Search code examples
rmatlabmatrixlinear-algebraumfpack

LU decomposition on a sparse rectangular matrix in R


MATLAB is able to perform LU decomposition on a sparse rectangular matrix using [L, U, P, Q] = lu(A) but there is no R package to do so yet. Trying to use Matrix::lu() on a sparse matrix in R returns an error complaining that the matrix must be square.

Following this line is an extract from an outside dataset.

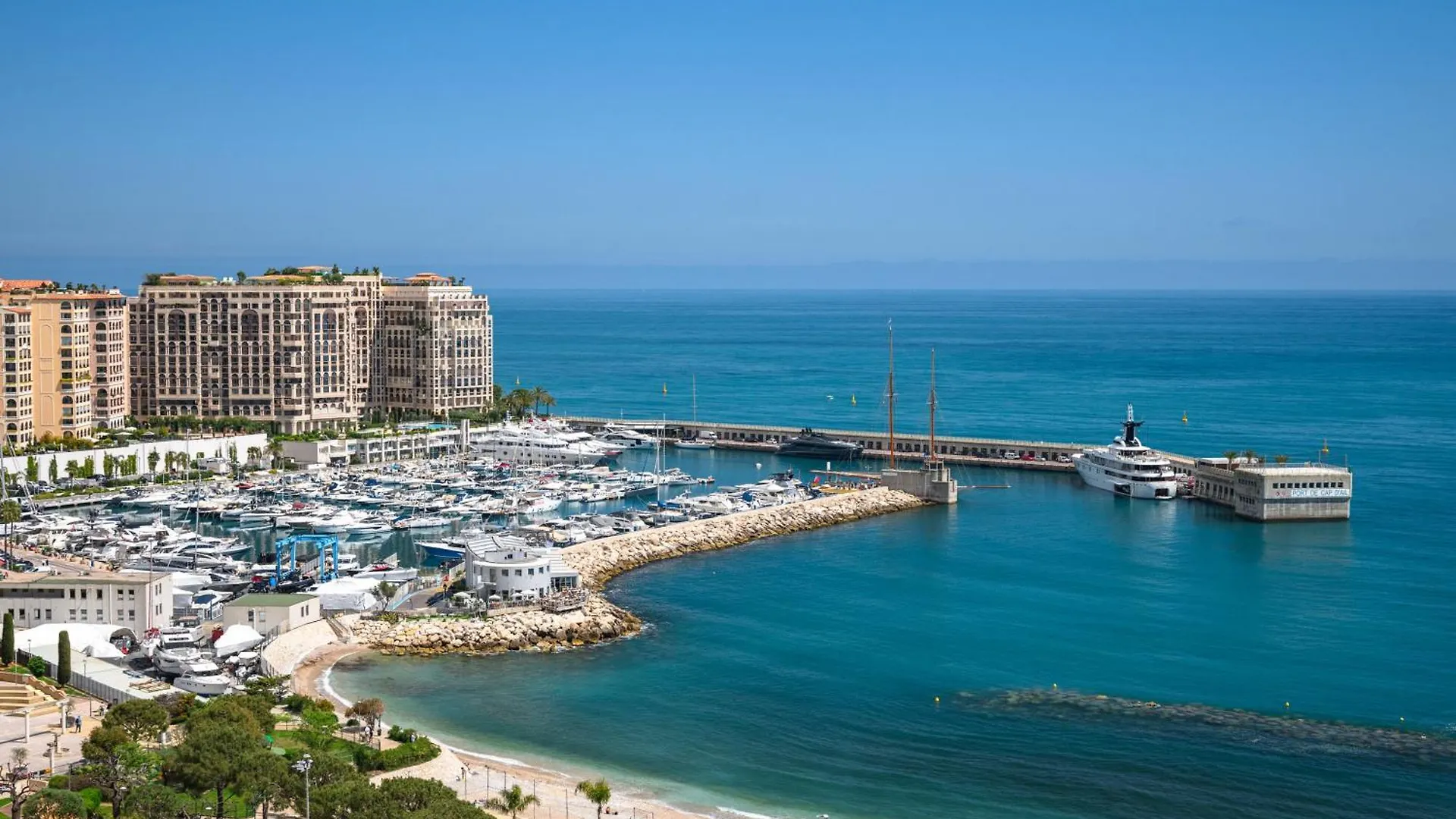 Panorama Mer Et Plage Cap D Ail Proche Monaco 卡普戴尔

Is there any analogue of MATLAB's LU decomposition on a rectangular matrix that is not full rank in R? To clarify, this is not about memory issues - if I embed it in an identity matrix (see this question) then Matrix::lu() complains about the matrix being singular, while MATLAB's lu() happily proceeds.

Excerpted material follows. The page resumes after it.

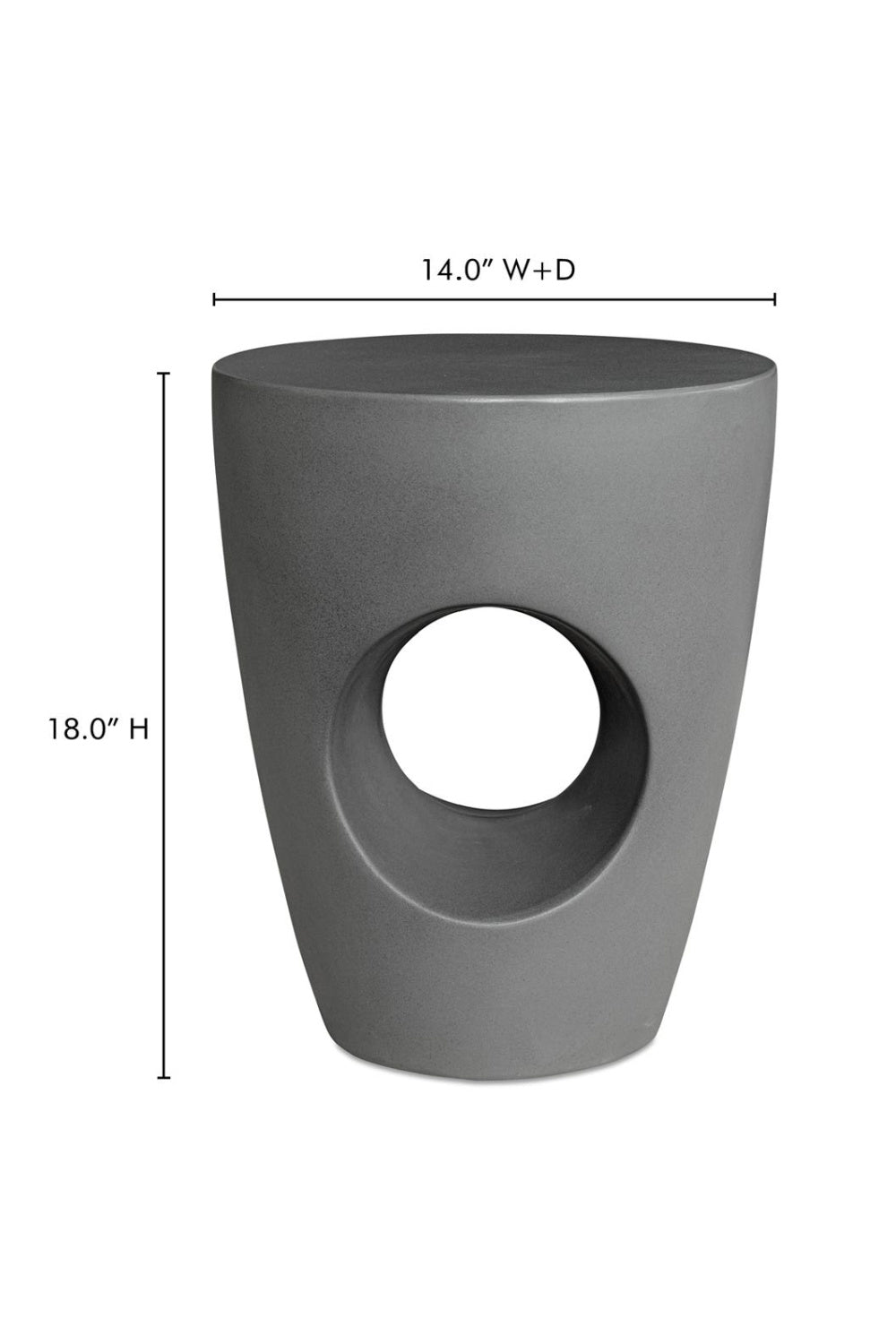   Modern European furniture - Round Cutout Indoor/Outdoor Stool - www.oroa.com | Oroa.com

The problem I'm trying to solve is to implement a particular econometric estimator in R that needs the Moore-Penrose pseudo inverse. pracma's Moore-Penrose pseudo inverse fails because the matrix is too large. Getting a Moore-Penrose pseudo inverse of a large sparse matrix is also unsolved apparently, see here. My matrix has more than one 1 in any given row and column.


Solution

  • Solved. The following code uses UMFPACK, which is the same library MATLAB uses. To get the right elements, we need to add Control[UMFPACK_SCALE] = 0;. Then we need to fix the size of the resulting U matrix in R.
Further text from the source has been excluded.